■ Records for this exercise ■
──────
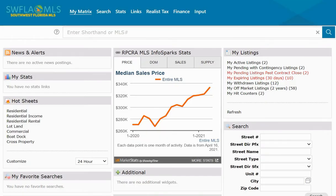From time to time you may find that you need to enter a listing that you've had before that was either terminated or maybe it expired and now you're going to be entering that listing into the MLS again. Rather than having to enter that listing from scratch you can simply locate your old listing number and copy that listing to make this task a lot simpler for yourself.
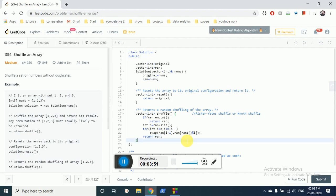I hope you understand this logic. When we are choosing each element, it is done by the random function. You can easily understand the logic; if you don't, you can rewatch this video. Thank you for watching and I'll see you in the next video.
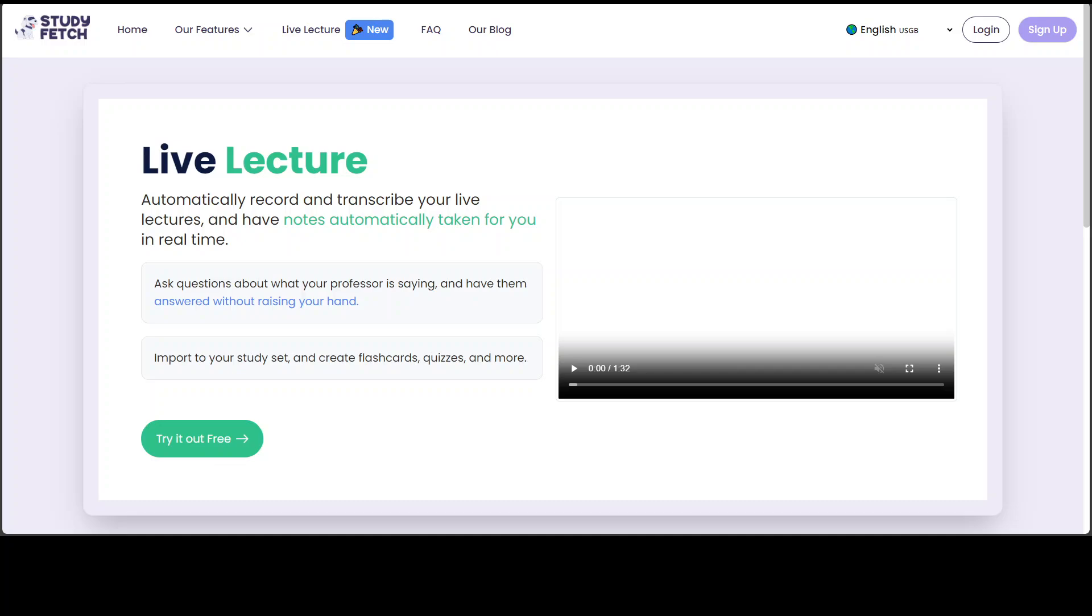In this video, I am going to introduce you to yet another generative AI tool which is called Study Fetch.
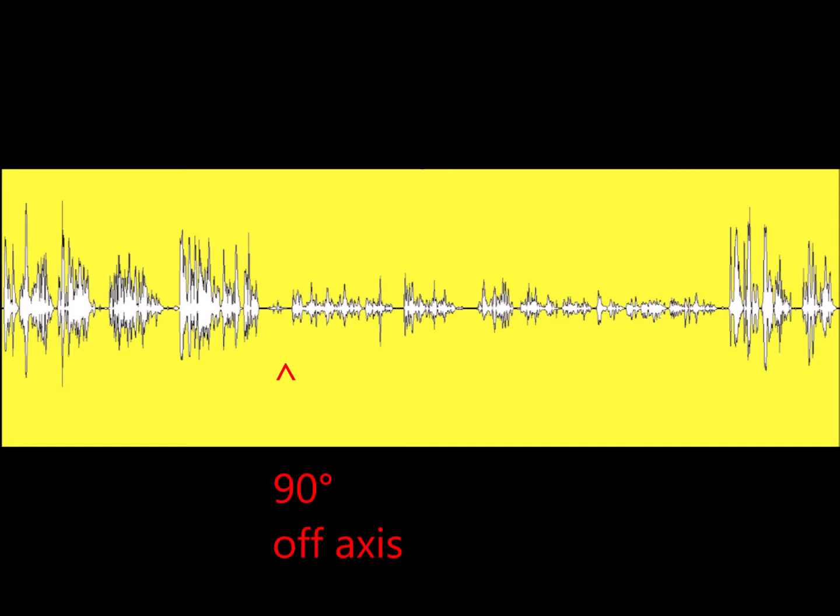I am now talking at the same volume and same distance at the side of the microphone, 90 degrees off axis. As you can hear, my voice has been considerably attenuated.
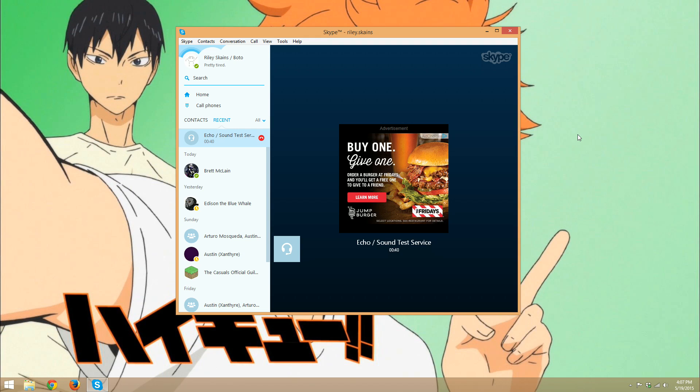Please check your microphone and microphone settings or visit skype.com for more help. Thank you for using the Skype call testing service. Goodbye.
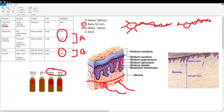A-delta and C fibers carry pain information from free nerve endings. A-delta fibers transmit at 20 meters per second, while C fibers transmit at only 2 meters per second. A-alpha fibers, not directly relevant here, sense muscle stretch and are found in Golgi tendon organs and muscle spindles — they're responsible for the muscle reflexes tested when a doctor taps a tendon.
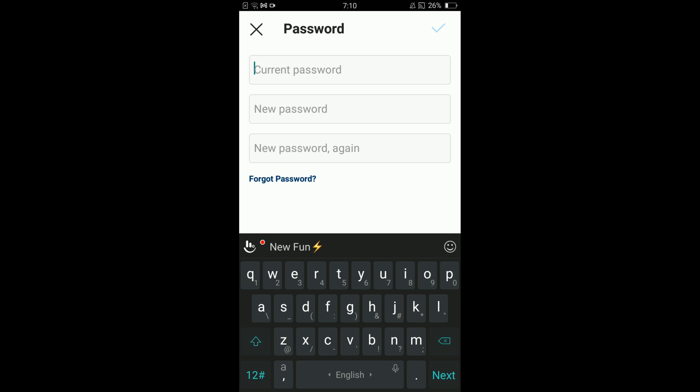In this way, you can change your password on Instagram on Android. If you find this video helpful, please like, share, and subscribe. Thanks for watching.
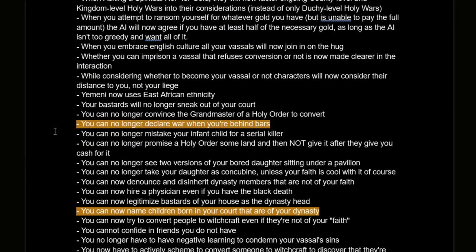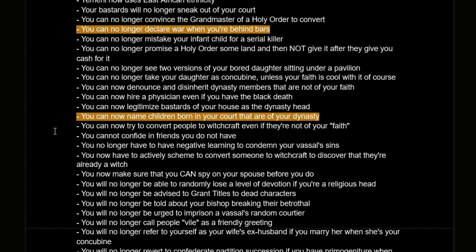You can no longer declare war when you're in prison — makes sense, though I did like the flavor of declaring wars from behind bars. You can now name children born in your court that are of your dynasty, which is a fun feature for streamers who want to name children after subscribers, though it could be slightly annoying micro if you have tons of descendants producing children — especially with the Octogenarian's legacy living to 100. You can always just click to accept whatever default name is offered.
──────
■ Requirement ■
Only lines belong in the copy, not pictures: write out exactly the lines of the records from the first through the one holding "In this way, you".

■ Solution to the problem ■
From time to time you may find that you need to enter a listing that you've had before that was either terminated or maybe it expired and now you're going to be entering that listing into the MLS again. Rather than having to enter that listing from scratch you can simply locate your old listing number and copy that listing to make this task a lot simpler for yourself.
I hope you understand this logic. When we are choosing each element, it is done by the random function. You can easily understand the logic; if you don't, you can rewatch this video. Thank you for watching and I'll see you in the next video.
In this video, I am going to introduce you to yet another generative AI tool which is called Study Fetch.
I am now talking at the same volume and same distance at the side of the microphone, 90 degrees off axis. As you can hear, my voice has been considerably attenuated.
Please check your microphone and microphone settings or visit skype.com for more help. Thank you for using the Skype call testing service. Goodbye.
A-delta and C fibers carry pain information from free nerve endings. A-delta fibers transmit at 20 meters per second, while C fibers transmit at only 2 meters per second. A-alpha fibers, not directly relevant here, sense muscle stretch and are found in Golgi tendon organs and muscle spindles — they're responsible for the muscle reflexes tested when a doctor taps a tendon.
In this way, you can change your password on Instagram on Android. If you find this video helpful, please like, share, and subscribe. Thanks for watching.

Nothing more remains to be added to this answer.